Fourth Stage Added as 80th National Folk Festival Announces the Maryland Traditions Family Folklife Area Program


Today, the 80th National Folk Festival announced the Maryland Traditions Family Folklife Area program, sharing details about the performers, craftspeople, and demonstrators who will be featured in this special area of the festival in 2021. Additionally, festival organizers revealed the addition of a fourth stage at this year’s festival, the Maryland Traditions Family Folklife Stage. The National Folk Festival is returning to Downtown Salisbury, September 10 – 12, 2021, the third year of the National’s residency in Salisbury.

Supported by Maryland Traditions, the traditional arts program of the Maryland State Arts Council, the Maryland Traditions Family Folklife Area & Stage at the 80th National Folk Festival celebrates and showcases the rich, living traditions of Maryland—from its Atlantic beaches to the Appalachian Mountains. The area shines a spotlight on the distinctive music, rituals, crafts, occupations, foodways, and other traditions at the heart of Maryland heritage, expressing both the state’s deep history and its evolving character. Performances, demonstrations, displays, exhibits, and narrative presentations by Maryland master artisans and performers explore a wide range of cultural traditions, including those of its First Peoples, the cultural legacies of European settlers, and the expressions of the newest Maryland residents whose cultural roots come from around the globe.

“Maryland Traditions is proud to have the platform of the National Folk Festival to share a glimpse of the vibrant spectrum of living traditions practiced throughout Maryland,” said Chad Buterbaugh, state folklorist and director of the Maryland Traditions program at the Maryland State Arts Council. “From our Indigenous tradition bearers with the Pocomoke Indian Nation, to the Cumberland Marbles Program and the distinctive dance traditions of Puerto Rican diaspora, as well as emerging immigrant communities that are new to the Eastern Shore and dance expressions that thrive in urban centers, the Maryland Traditions Family Folklife Area & Stage reflects the richness of the state’s cultural expressions.”

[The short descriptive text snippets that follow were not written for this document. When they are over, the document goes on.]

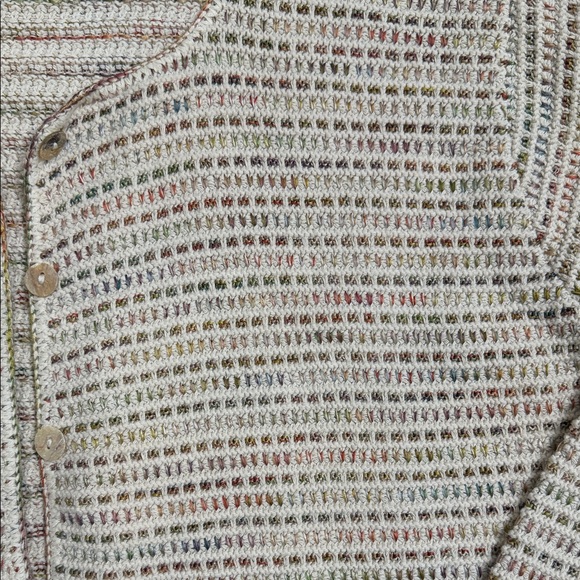 Vintage Reba Rose Knit Multicolored Cardigan Sweater 100 Percent Cotton - Picture 4 of 7
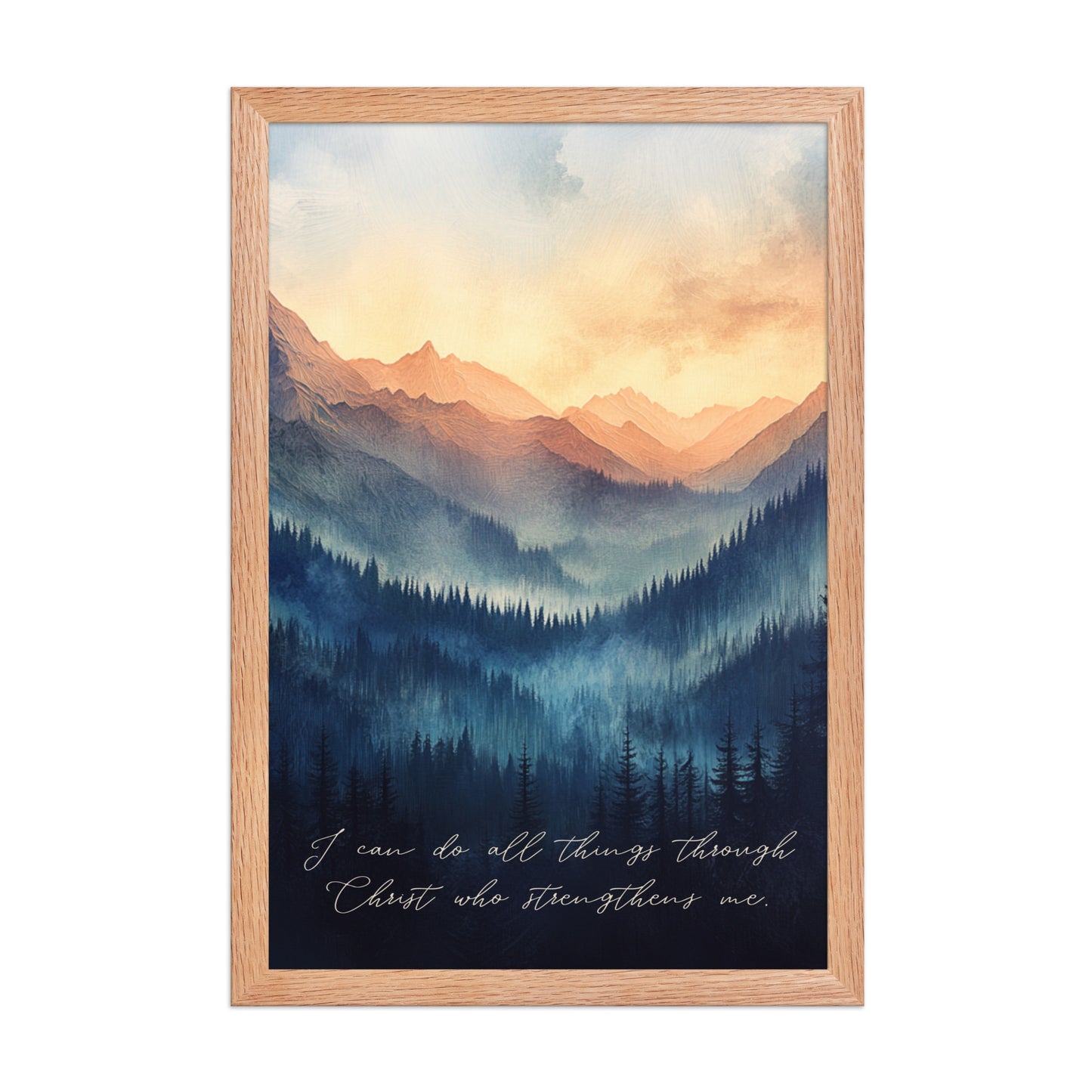 Philippians 4:13 - Mountain Landscape Art  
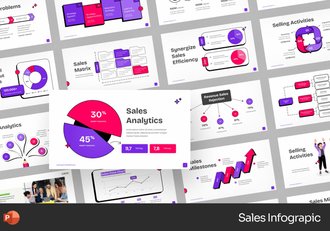 销售增长数据信息图表展示PPT模板 - 顶尖PPT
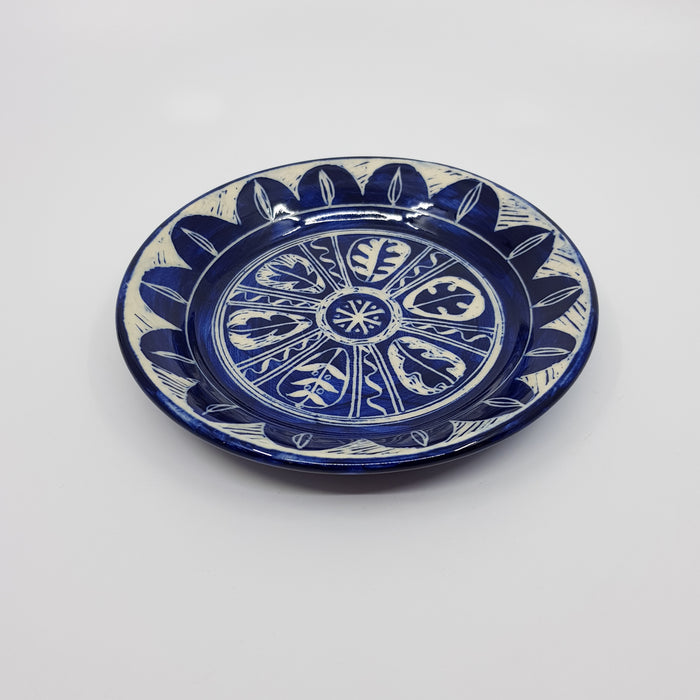 'Engraved' tea plate, blue (AH657B)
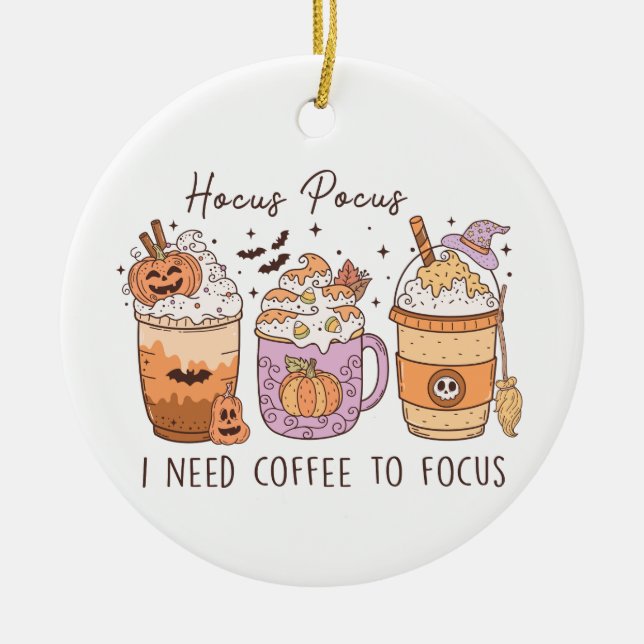 Halloween and Coffee Ceramic Ornament (Front)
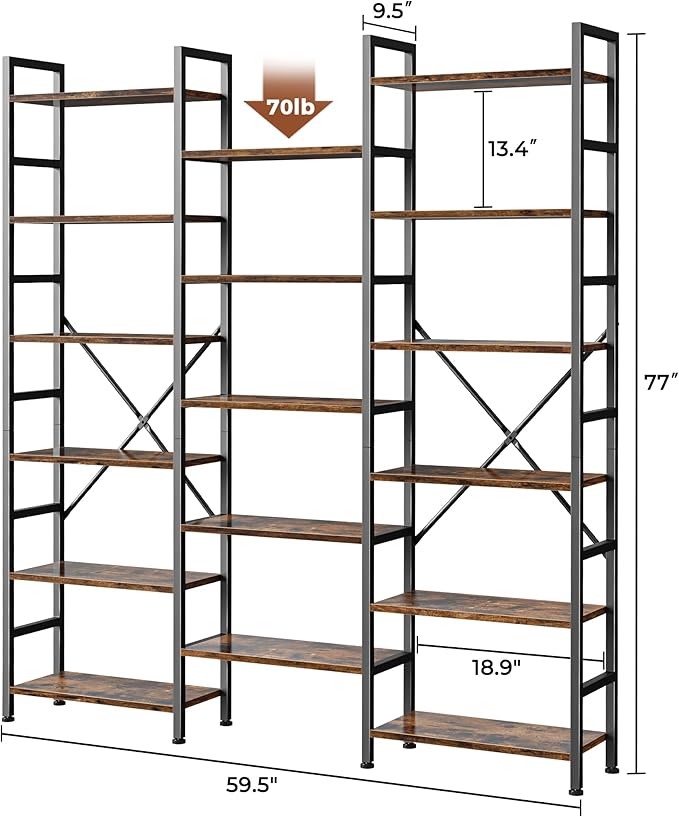 SUPERJARE Triple Bookshelf, Bookcase with 17 Open Display Shelves, Wide Book Shelf Book Case for Home & Office, 6 Tier, Brown, ABC003Z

“We are excited to bring the Maryland Traditions Family Folklife Area & Stage to the upcoming 80th National Folk Festival,” added National Council for the Traditional Arts Executive Director Lora Bottinelli. “The traditions brought together for the weekend, each in their own right, are held by Maryland’s diverse and multigenerational lineage of tradition bearers. Those who join us will be able to enjoy and meet their neighbors near and far during a special weekend of celebration, in this once-in-a-moment gathering of cultural heritage practitioners from across the state.”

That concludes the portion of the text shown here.